(DATA TO EXAMINE)

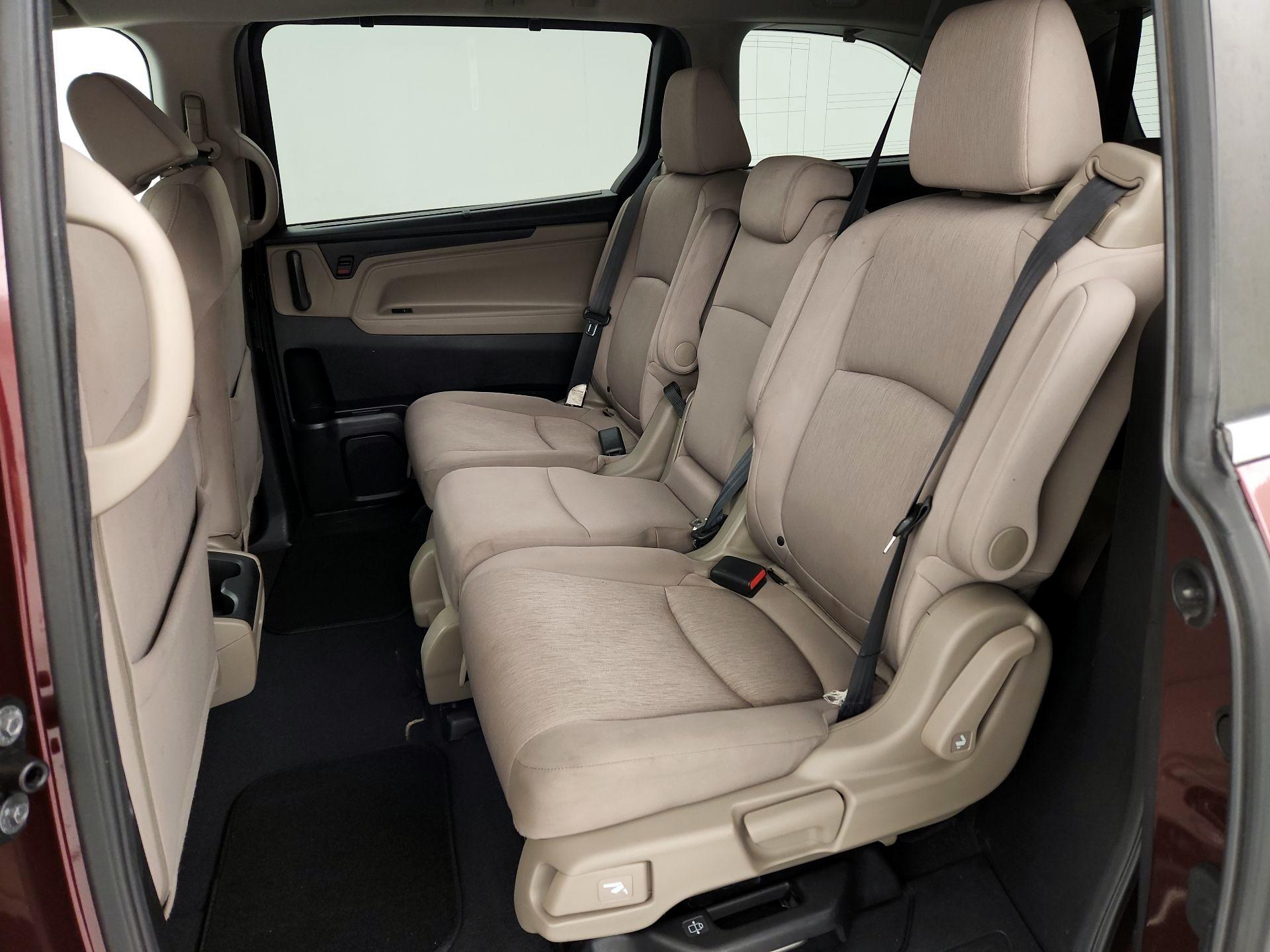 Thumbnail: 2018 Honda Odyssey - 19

(End DATA TO EXAMINE)
(DATA TO EXAMINE)

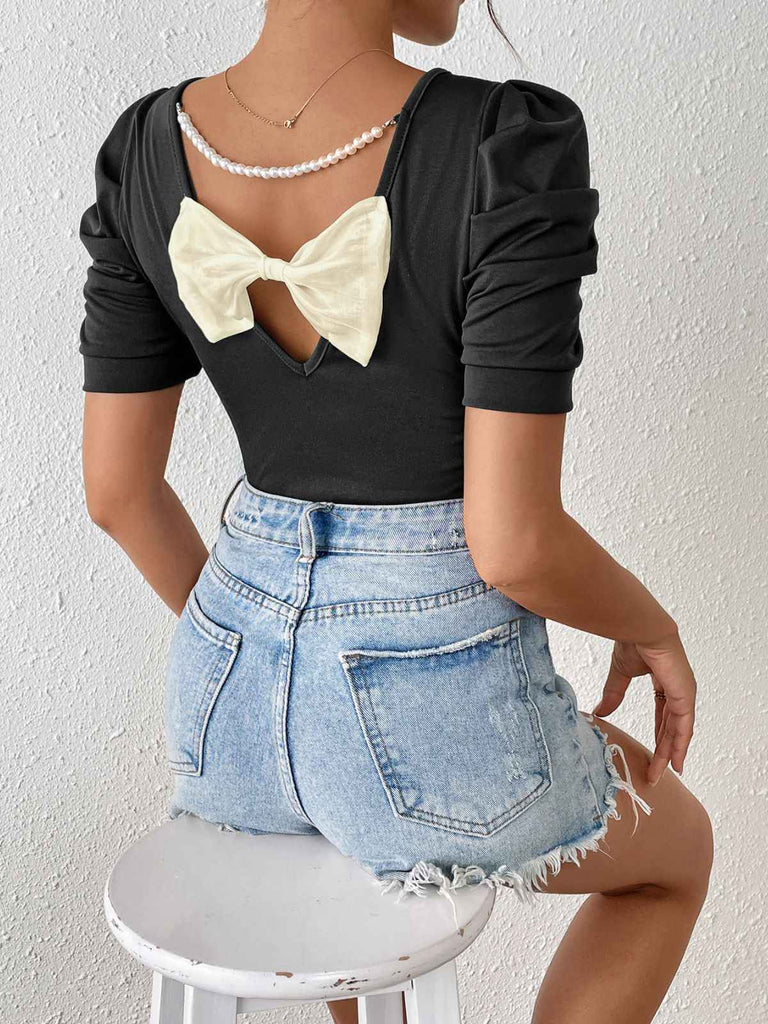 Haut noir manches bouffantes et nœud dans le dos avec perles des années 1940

(End DATA TO EXAMINE)
(DATA TO EXAMINE)

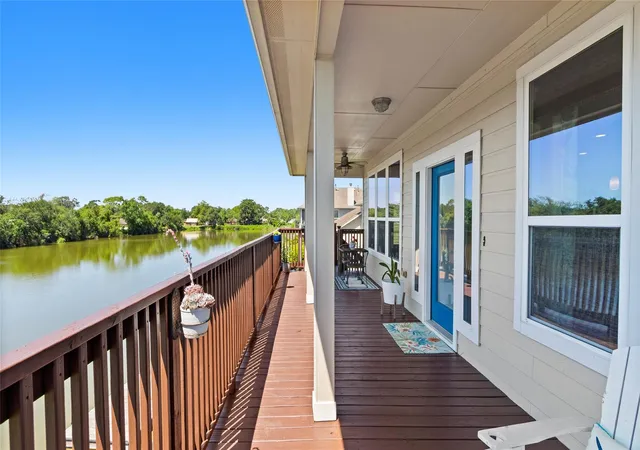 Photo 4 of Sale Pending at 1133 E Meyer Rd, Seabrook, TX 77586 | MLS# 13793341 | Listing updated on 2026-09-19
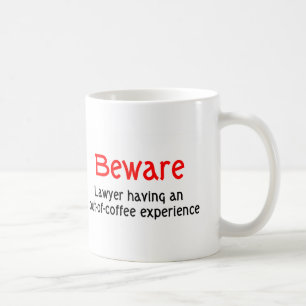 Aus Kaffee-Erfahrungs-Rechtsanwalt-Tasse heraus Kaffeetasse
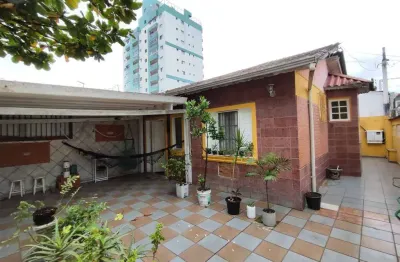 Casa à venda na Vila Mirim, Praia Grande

(End DATA TO EXAMINE)

__WORK INSTRUCTION__. Starting with the line above that holds "Aus Kaffee-Erfahrungs-Rechtsanwalt-Tasse heraus", restate each line word for word up to and including the line that holds "Casa à venda na Vila Mirim, Praia Grande". Drop the pictures.

__EXERCISE OUTPUT__.
 Aus Kaffee-Erfahrungs-Rechtsanwalt-Tasse heraus Kaffeetasse
 Casa à venda na Vila Mirim, Praia Grande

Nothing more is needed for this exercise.